*EXERCISE BRIEF*.
Skip the pictures. Output only the lines below starting at the line with "#timessquare #nyc #usa" and ending at the line with "Standard Double Room - Photo 10", both ends included, exactly as they are.

*DATA EXCERPTS*.
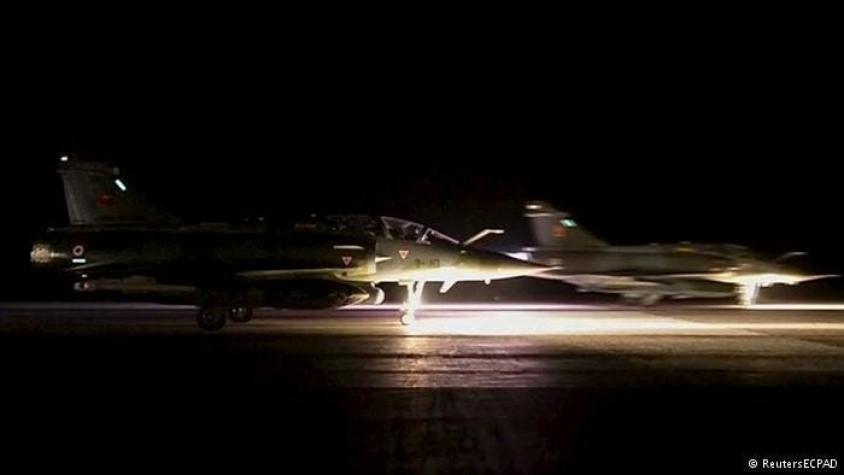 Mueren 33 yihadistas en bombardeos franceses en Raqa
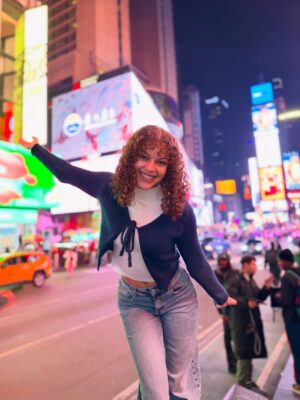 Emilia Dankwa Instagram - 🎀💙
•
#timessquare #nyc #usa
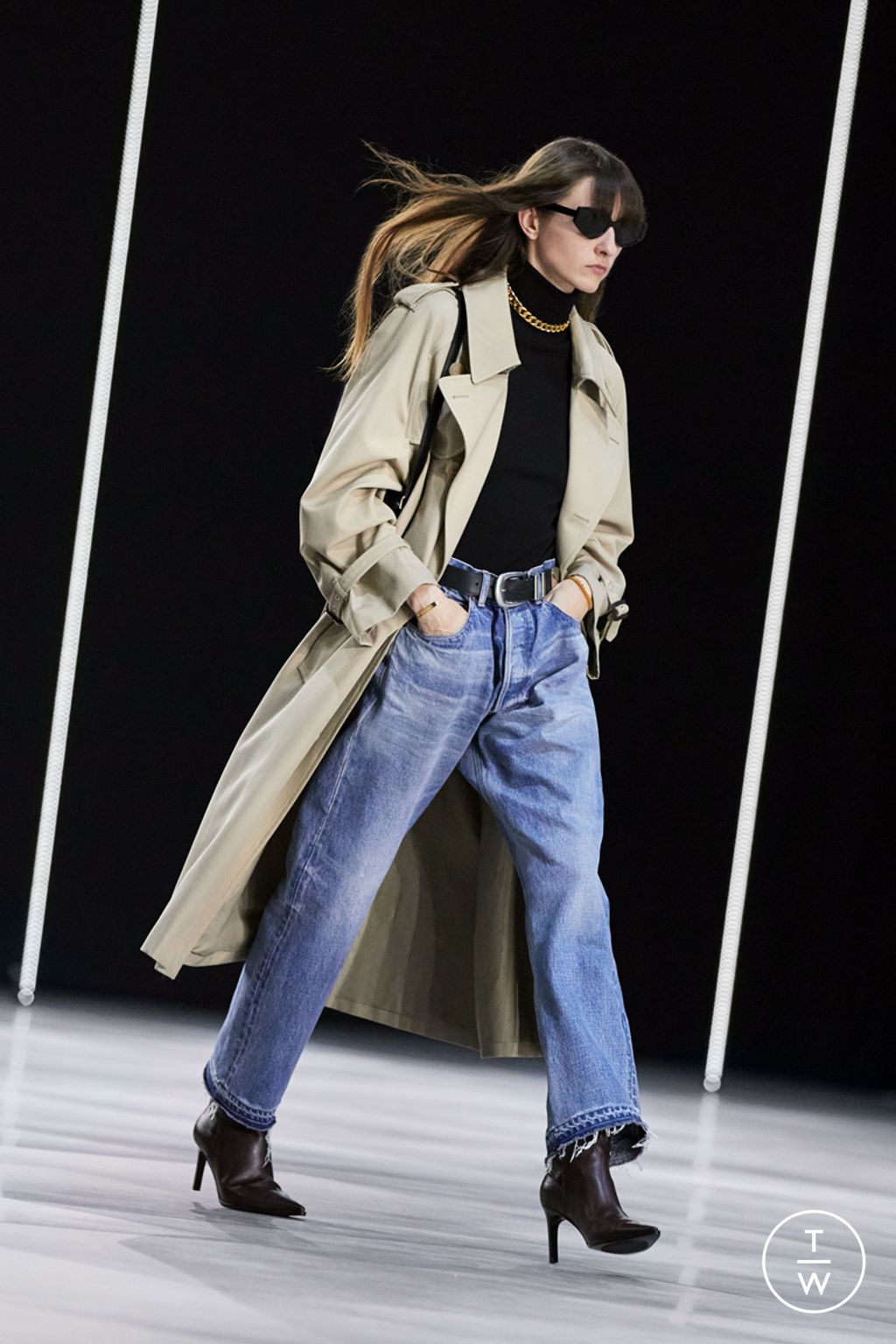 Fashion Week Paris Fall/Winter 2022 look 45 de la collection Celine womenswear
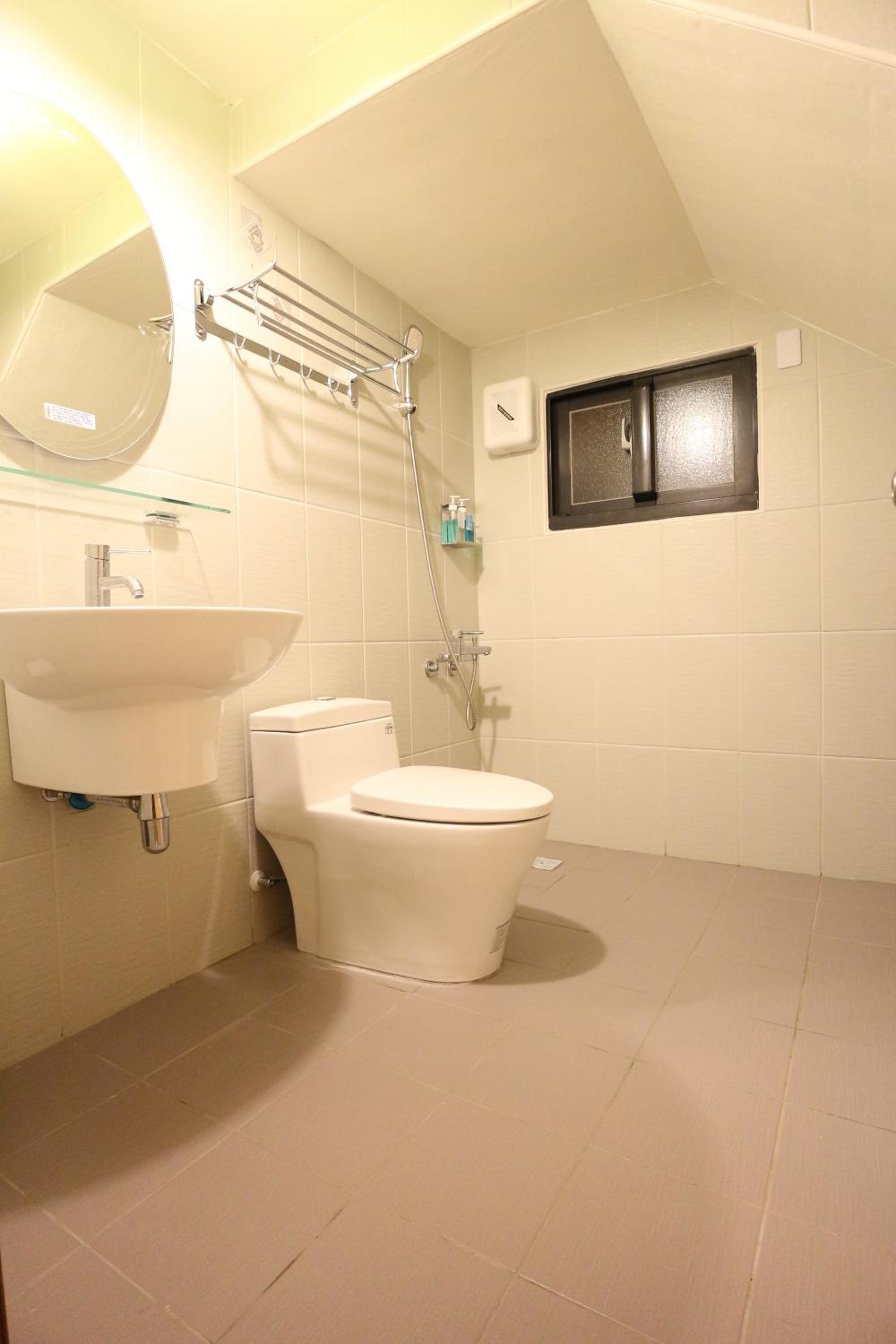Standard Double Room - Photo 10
* * *
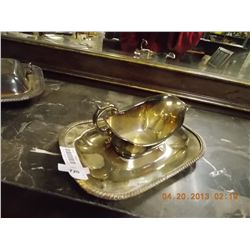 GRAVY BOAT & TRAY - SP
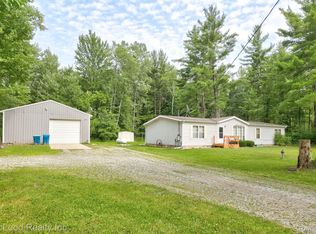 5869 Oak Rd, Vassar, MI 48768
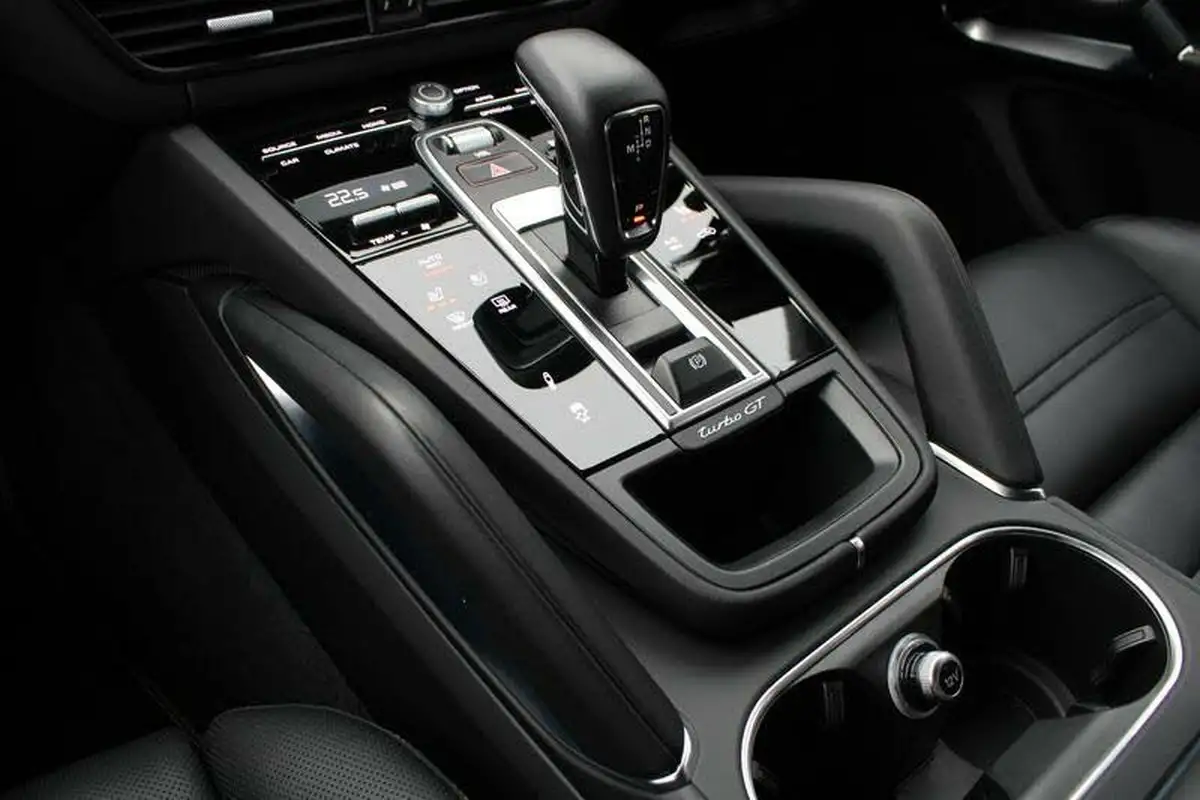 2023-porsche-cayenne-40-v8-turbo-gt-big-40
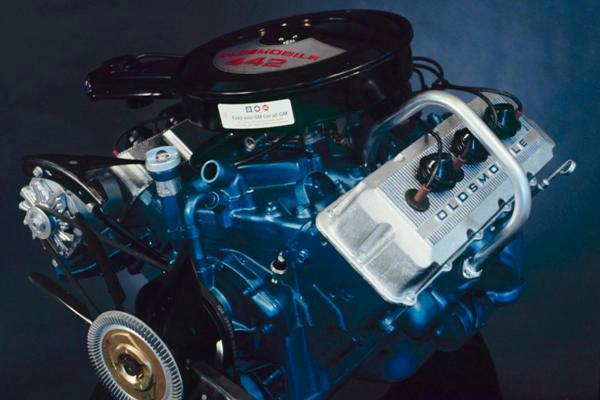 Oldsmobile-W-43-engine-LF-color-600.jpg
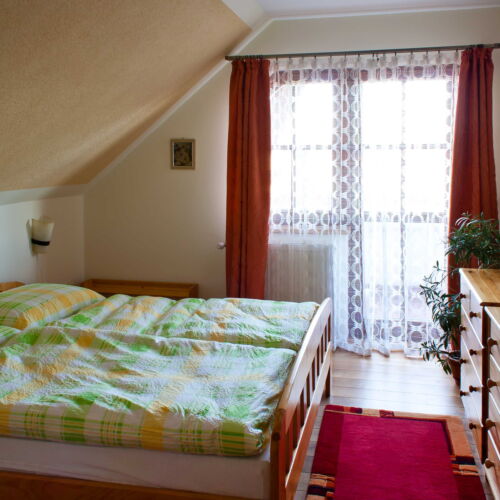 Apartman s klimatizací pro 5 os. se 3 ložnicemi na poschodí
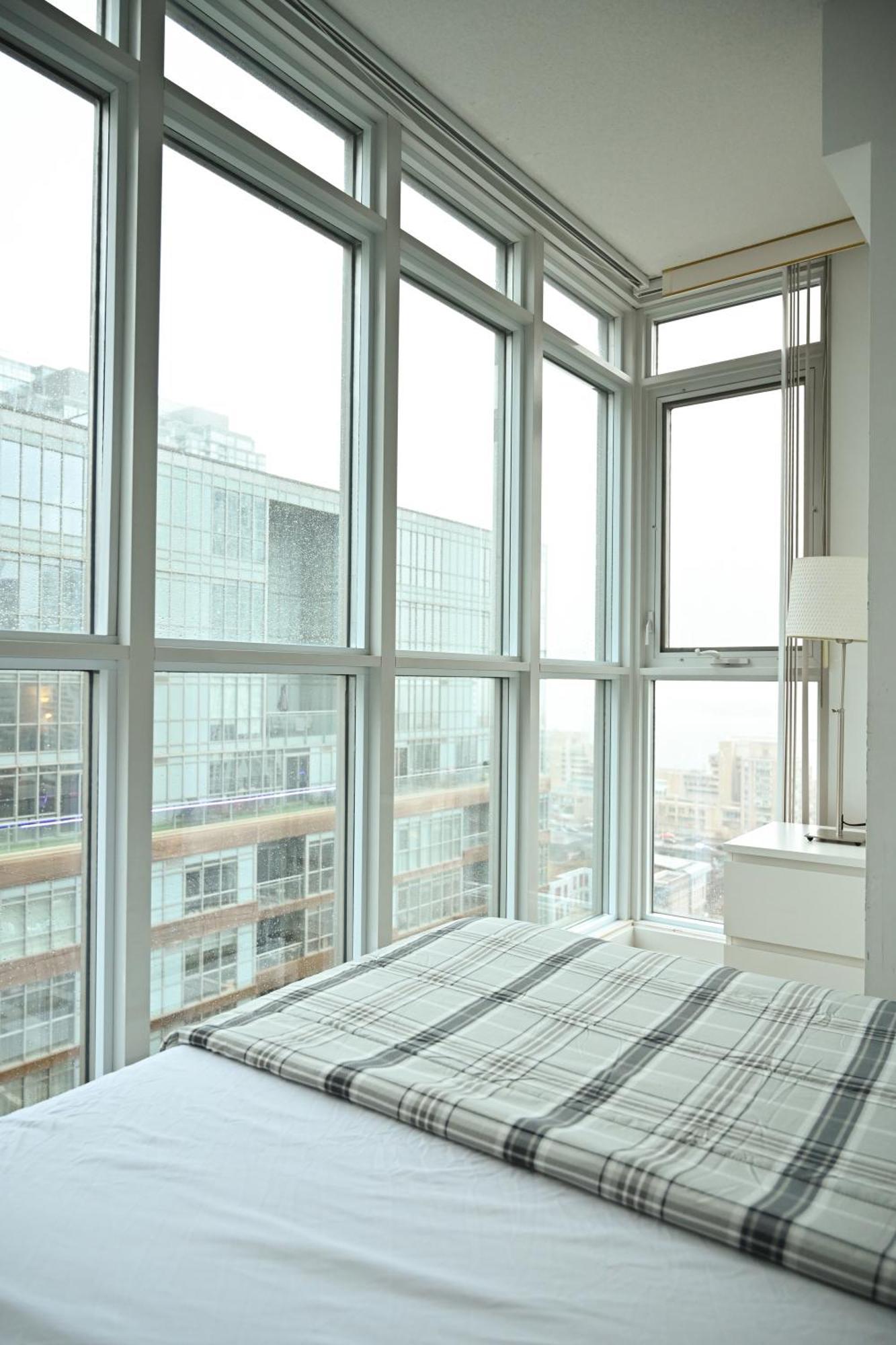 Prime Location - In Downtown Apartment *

*EXERCISE OUTPUT*.
#timessquare #nyc #usa
 Fashion Week Paris Fall/Winter 2022 look 45 de la collection Celine womenswear
Standard Double Room - Photo 10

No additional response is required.